VeriFi™ Library Amplification Mix

Component

50 Reactions

250 Reactions

2x VeriFi™ Library Amplification Mix

1 x 1.25 mL

5 x 1.25 mL

VeriFi™ Library Amplification Mix

Component

2x VeriFi™ Library Amplification Mix



50 Reactions

1 x 1.25 mL

250 Reactions

5 x 1.25 mL

Reaction Volume

Storage

50 μL

On arrival, products should be stored between -30 and -15°C. If stored correctly the kit will retain full activity for 12 months.

Reaction Volume

50 μL

Storage

On arrival, products should be stored between -30 and -15°C. If stored correctly the kit will retain full activity for 12 months.

FAQs

Can I do multiplex PCR with VeriFi™ Library Amplification Mix?

Yes. For most multiplex experiments we recommend using VeriFi Hot Start Polymerase & Mixes (PB10.45-PB10.47 product catalogue numbers). However, VeriFi™ Library Amplification Mix is also well suited for this purpose, particularly when one or more of the multiplexed targets is GC-rich or contains difficult or repetitive sequence regions.

Can I use VeriFi™ Library Amplification Mix for methylation studies/amplification of bisulfite-treated DNA?

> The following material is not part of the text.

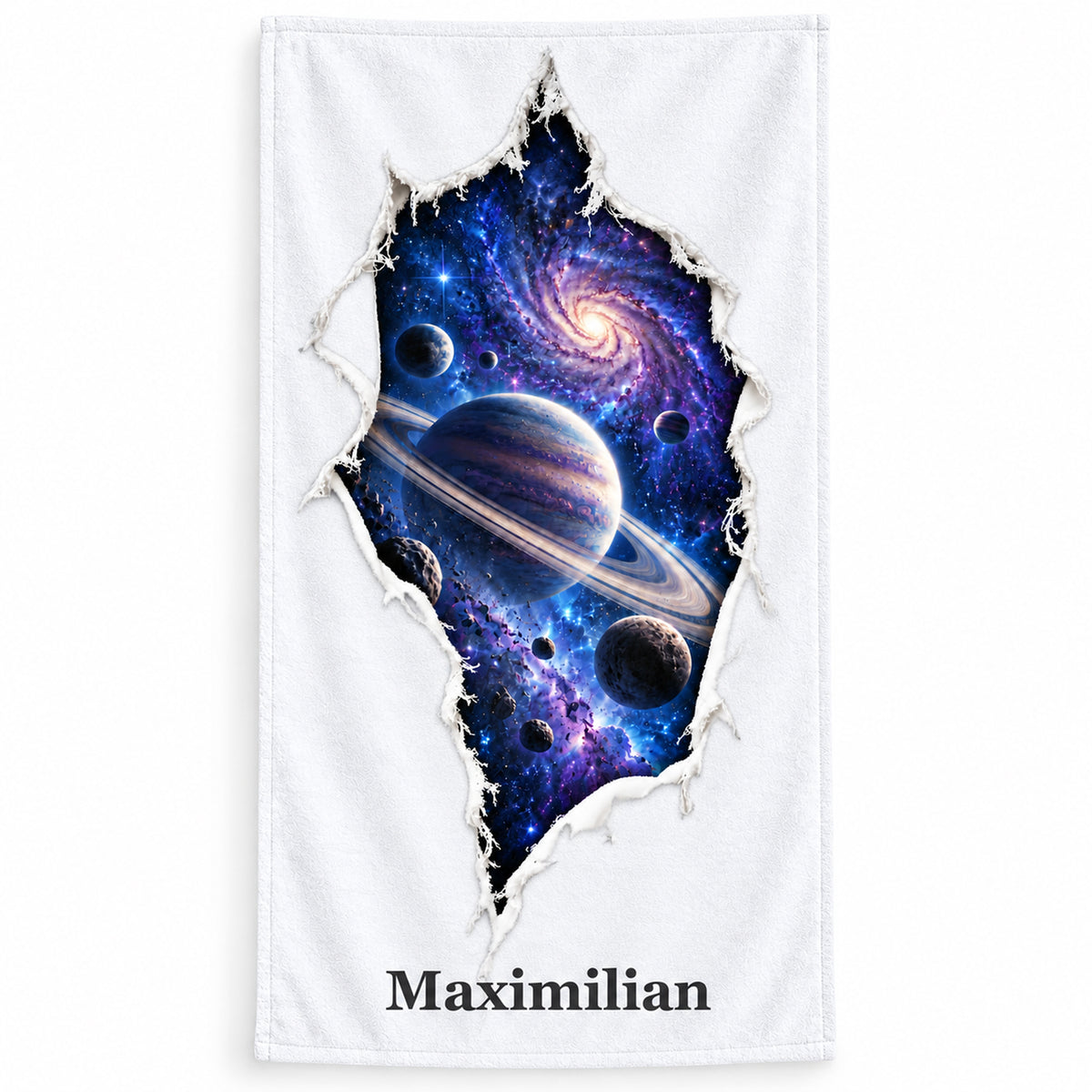 Weißes Handtuch mit Galaxie-Motiv als gedruckte Riss-Illusion und Wunschname unter der Szene.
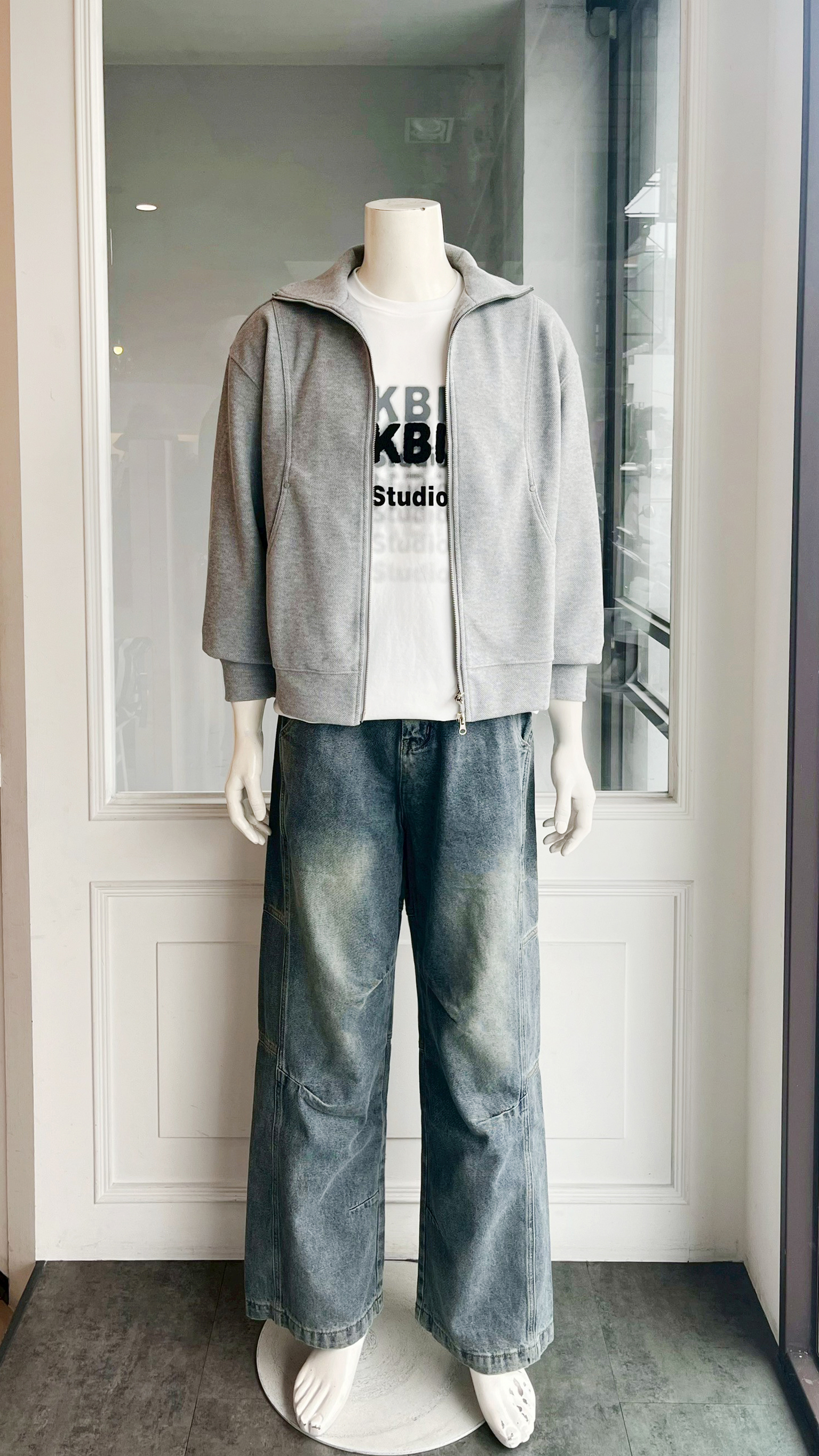 LINE_ALBUM_111.12.15 穿搭分享_221214_28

No. Pfu polymerases can only amplify uracil-containing targets after mutagenesis, which compromises PCR fidelity.

Can I use VeriFi™ Library Amplification Mix for standard PCR rather than library amplification?

Yes, please follow the relevant instructions in the product manual. VeriFi™ Library Amplification Mix can be used in standard 3-step or 2-step cycling programs and is particularly well suited to amplifying targets with very high or very low GC content.

Can VeriFi™ Library Amplification Mix be used in single cell NGS experiments?

VeriFi™ Library Amplification Mix can be used for PCR-based enrichment of any type of DNA sequencing library.

Do I need to include a purification step between adaptor ligation and library amplification with VeriFi™ Library Amplification Mix?

We recommend including a purification step after adaptor ligation and size selection. This eliminates any potential buffer incompatibility and ensures that un-ligated adaptors are not amplified during library PCR enrichment.

I am struggling to amplify a target with high GC content, what should I do?

Increase denaturation temperature to 98-100 °C and increase the extension time.

My amplified library is of poor quality, how can I improve it?

Increase denaturation temperature. Optimise annealing temperature and extension time. Optimise the amount of primers and template in the reaction. Make sure that the starting material is high quality.

What is the maximum target length I can amplify with VeriFi™ Library Amplification Mix?

We have successfully amplified a 12 kb fragment containing GC-rich regions. Longer targets may also be successfully attempted.

What is the minimum template amount I can use for successful library amplification with VeriFi™ Library Amplification Mix?

Do not use less than 10 ng template for NGS library amplification. A key factor in acquiring a high-quality amplified library is limiting the number of PCR cycles used. Using a higher number of cycles leads to greater chances of PCR induced errors and bias.

What NGS sequencing platforms can I use VeriFi™ Library Amplification Mix for?

VeriFi™ Library Amplification Mix has been extensively tested and validated on Illumina® sequencing platforms with the P5 and P7 Illumina® primers. The mix should work equally well in amplifying libraries with different adaptor sequences, intended for use on other sequencing platforms (e.g., Pac Bio and Oxford Nanopore Technologies), but this needs to be tested.